§ WHAT TO WORK ON
In the records below, find each line that holds "with" and return it.
══ GIVEN INFORMATION ══
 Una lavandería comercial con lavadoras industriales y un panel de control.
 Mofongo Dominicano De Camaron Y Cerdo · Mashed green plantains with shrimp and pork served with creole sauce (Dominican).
═══
══ GIVEN INFORMATION ══
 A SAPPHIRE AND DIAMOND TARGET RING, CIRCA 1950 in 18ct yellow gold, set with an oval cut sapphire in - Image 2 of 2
═══
§ RESULT OF THIS TASK
 Mofongo Dominicano De Camaron Y Cerdo · Mashed green plantains with shrimp and pork served with creole sauce (Dominican).
 A SAPPHIRE AND DIAMOND TARGET RING, CIRCA 1950 in 18ct yellow gold, set with an oval cut sapphire in - Image 2 of 2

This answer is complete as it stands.